In response to:
The Specter Haunting the Senate from the September 30, 2010 issue
To the Editors:
Michael Tomasky, in “The Specter Haunting the Senate” [NYR, September 30], repeats the conventional, misguided, self-defeating notion that the Senate cannot do anything significant without sixty votes to invoke cloture on threatened filibusters. To the contrary, perhaps the most significant action the Senate majority might now take is to call the Republicans’ bluff and let them go forward with a filibuster.
Please note: if Democrats had insisted on real filibusters at several junctures during the recent years they have been in the majority, instead of giving in after failing to round up cloture votes beforehand, Republicans would have been forced to display—in public on the floor of the Senate—their obstruction to Medicare financing, as well as to funding to combat AIDs, malaria, and tuberculosis, among other issues. Harry Reid had cots brought into the Senate for an all-night session in July 2007, when Republicans started to filibuster the Iraq pullout bill, but he caved when the first cloture vote was lost.
In 1964, segregationist senators held up Senate business for fifty-seven days, filibustering against the Civil Rights Act. The filibuster revealed to America the mindset of the obstructionists and paved the way for successful actual cloture and passage of the act. The civil rights filibuster educated people about historic struggle and landmark legislation.
What is the reluctance of the Democratic majority to call the bluff of Republicans and force them to follow through on threatened filibusters? Tomasky suggests time-wasting and “polarization.” But it is also cowardice, ineptness, and laziness.

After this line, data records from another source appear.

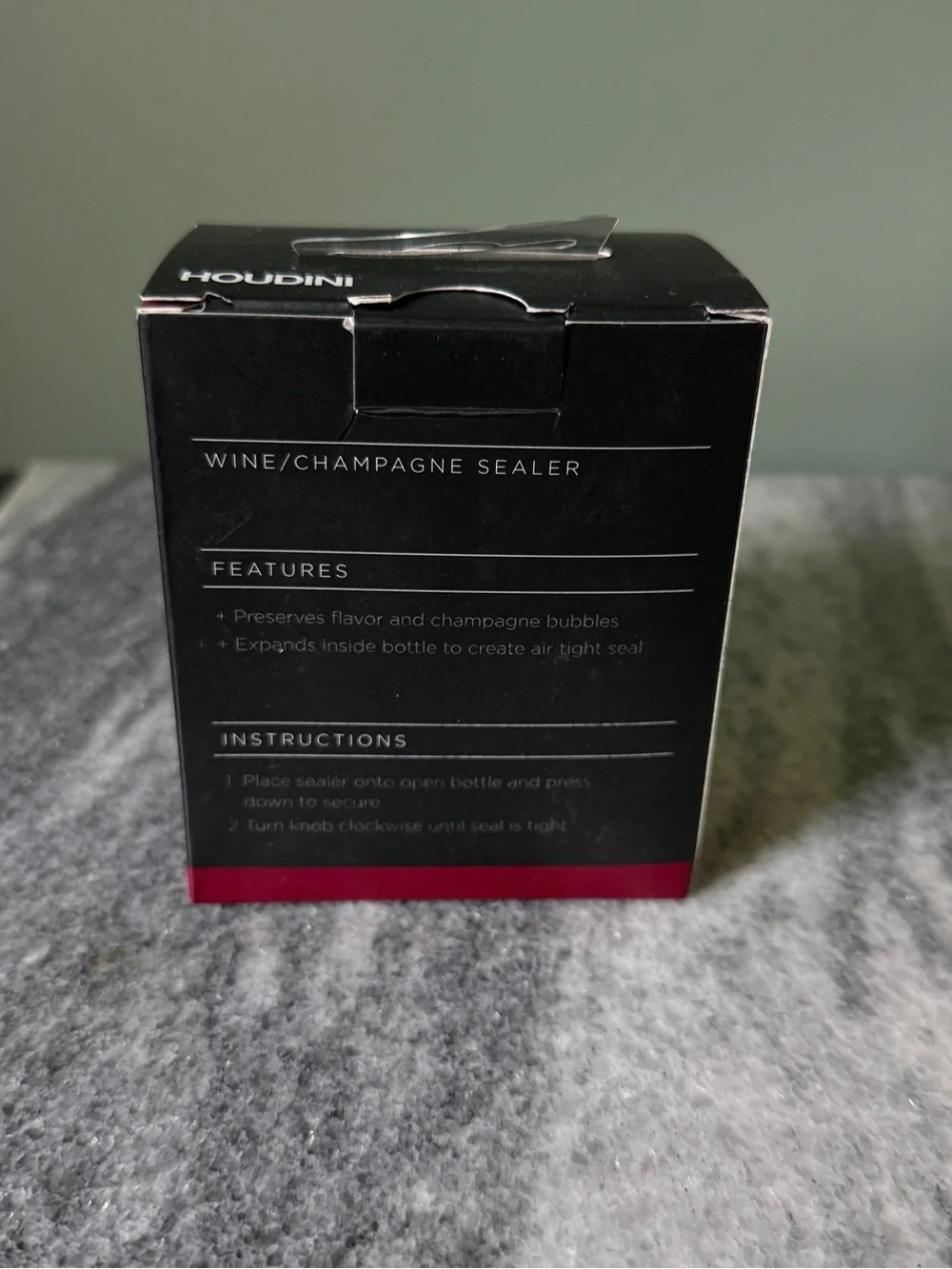 Houdini Wine & Champagne Sealer by - Black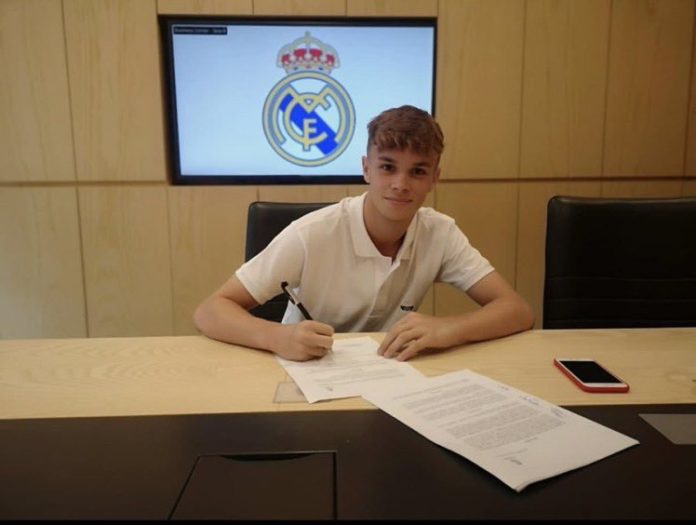 Erik Vázquez firmant el contracte amb el Real Madrid Erik Vázquez firmant el contracte amb el Real Madrid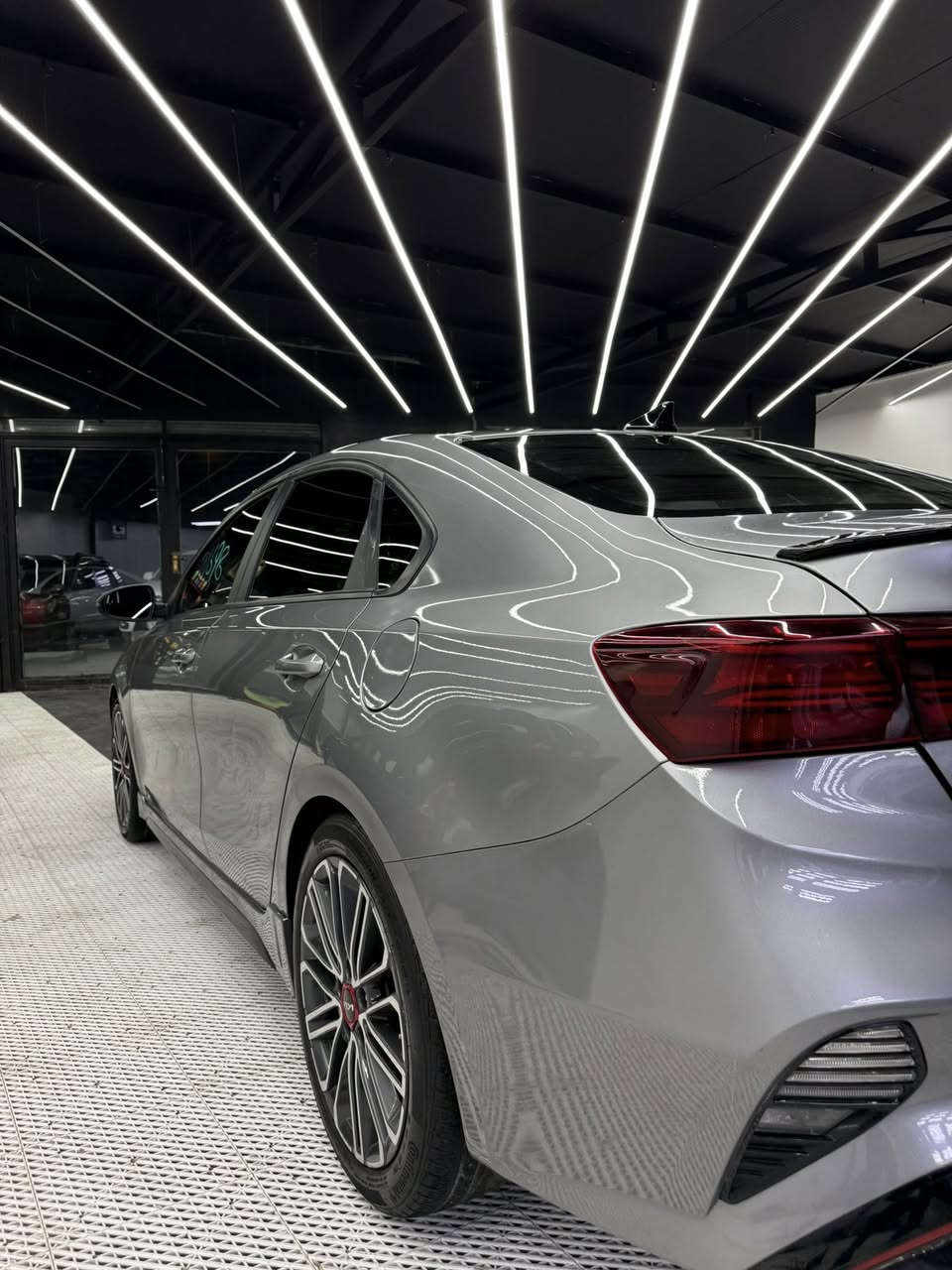 سلام عليكم فورتي جيتي مديل ٢٠٢٤
محرك ١٦٠٠ تيربو 🔥
فول مواصفات ١/١
فتحه
كشنات جلد كامل 
تحكمات كشنات كهرباء 
 هند بريك بصمه
ردار امامي
رادار خلفي 
رادار جانبي 
كامره خلفي مع حساسات تنبيه
اشاير مري 
سياقه ذاتيه
مثبت سرعه 
بصمه تشغيل
بصمه ابواب 
تشغيل عن بعد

Rounding up cloture votes to forestall a filibuster is not the same as actually tackling a filibuster. It is “filibuster lite” and the cloture vote becomes a virtual vote, empowering the minority rather than overwhelming it. As a result, Congress becomes ever more opaque and Americans ever more suspicious of the legislative process, deeply endangering what is left of democratic government.
Michael Tomasky replies:
Mr. D’Errico makes a worthwhile argument, one that has been much debated in Washington over the past two years. He might be right that had Democrats forced Republicans to mount full-blown filibusters, the Republicans would have been exposed to public rebuke or ridicule, at least in some instances. However, once an actual filibuster is undertaken, the fight becomes largely a public relations one, in which the side with the cannier talking points and better party unity would usually be more likely to prevail. Counting on the Democrats to outdo the Republicans in those departments seems a tenuous hope.